UMA DOBRA NO TEMPO: Ser diferente não é o defeito — é a arma.

Em "Uma Dobra no Tempo", o que ameaça o universo não é a escuridão. É a obsessão por fazer todo mundo igual.

RESENHAS

Michael Douglas

7/7/20263 min read

Meg Murry é apresentada a nós como um problema. Problema na escola, problema em casa, problema entre os colegas que ela praticamente não tem. É temperamental, é teimosa, tira notas ruins mesmo sendo inteligente, e vive comparando-se aos irmãos gêmeos perfeitamente normais e ao irmãozinho Charles Wallace, uma criança estranhamente brilhante demais para a idade que tem. Soma-se a isso o pai desaparecido, motivo de fofoca na cidade inteira, e você tem uma protagonista que carrega a história inteira nas costas antes mesmo de qualquer tesseramento acontecer.

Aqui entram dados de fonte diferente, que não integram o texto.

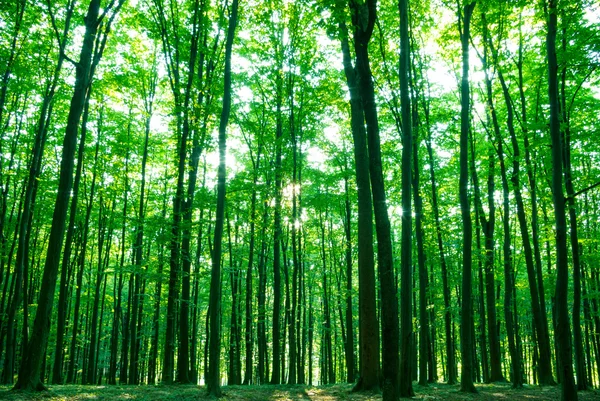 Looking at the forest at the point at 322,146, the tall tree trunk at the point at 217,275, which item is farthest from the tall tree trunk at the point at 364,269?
the tall tree trunk at the point at 217,275

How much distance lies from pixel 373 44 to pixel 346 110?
4.06 metres

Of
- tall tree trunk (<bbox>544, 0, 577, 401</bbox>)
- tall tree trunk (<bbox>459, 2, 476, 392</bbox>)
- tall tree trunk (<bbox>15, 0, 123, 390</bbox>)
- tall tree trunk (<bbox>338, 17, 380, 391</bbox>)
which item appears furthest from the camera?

E é importante notar isso: Madeleine L'Engle não está descrevendo uma heroína. Está descrevendo uma garota normal, com raiva, insegurança e uma dose generosa de autossabotagem — o tipo de personagem que, em muitos livros, seria só a amiga atrapalhada, nunca a protagonista que vai literalmente salvar o universo.

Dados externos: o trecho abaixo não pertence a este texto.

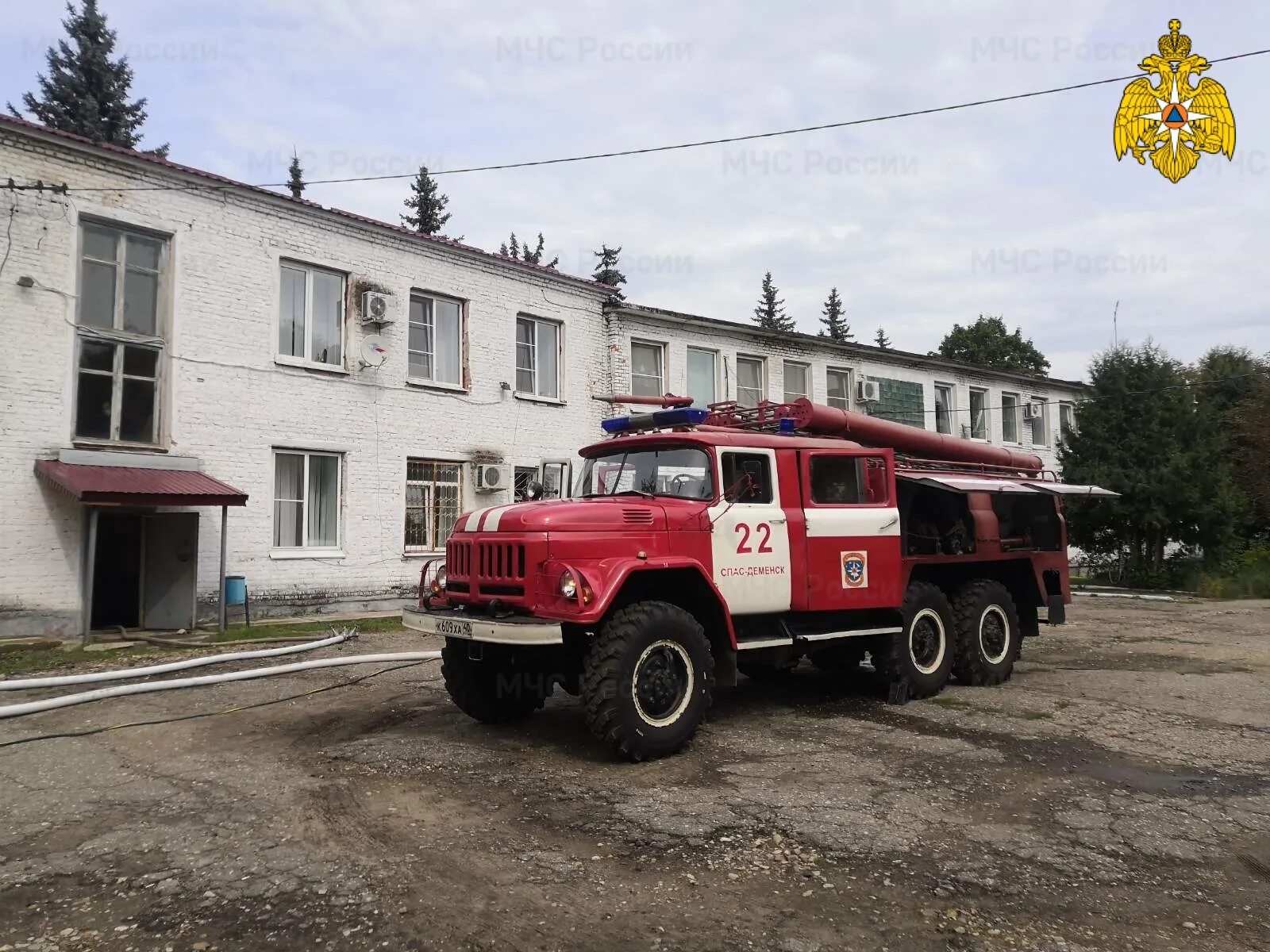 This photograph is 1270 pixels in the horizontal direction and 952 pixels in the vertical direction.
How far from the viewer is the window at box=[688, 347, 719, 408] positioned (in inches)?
810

A chegada da Sra. Quequeé, debochada e enigmática, surgindo do nada numa noite de tempestade, é só o gatilho. O recado que ela deixa — o tesserato é real — funciona como uma fresta: de repente, o desaparecimento do Sr. Murry, que até então parecia só uma tragédia familiar comum, ganha uma dimensão cósmica. Ele não fugiu, não morreu, não abandonou a família. Ele está preso em outro lugar do universo, vítima de algo maior do que qualquer um deles imaginava.

Junto com Charles Wallace e o colega de escola Calvin — que se cola no grupo quase por acidente, mas que vai se revelar fundamental —, Meg embarca numa jornada que a literatura raramente arrisca: cruzar galáxias inteiras não através de naves ou portais comuns, mas dobrando o próprio tecido da realidade. Tesserar não é viajar pelo espaço-tempo. É dobrar o espaço para que dois pontos distantes se toquem. É, literalmente, encurtar distância através da dimensão — uma ideia que a física especulativa adora e que a ficção científica raramente trata com tanta delicadeza poética quanto L'Engle.

Aqui está o ponto que, para mim, faz esse livro ser muito mais do que uma aventura espacial para o público infantojuvenil: o mal, no universo de A Dobra no Tempo, não tem cara de monstro. Tem cara de uniformidade.

Sem entrar em detalhes que estraguem a leitura para quem ainda não chegou lá, basta dizer que a ameaça que prendeu o Sr. Murry está ligada a um lugar onde a diferença é tratada como doença. Onde todo mundo pensa igual, age igual, sente igual — e qualquer desvio é corrigido, apagado, padronizado. É um terror silencioso, sem sangue, sem garras, mas talvez mais assustador do que qualquer monstro tradicional de ficção científica: o terror de não ter permissão para ser quem você é.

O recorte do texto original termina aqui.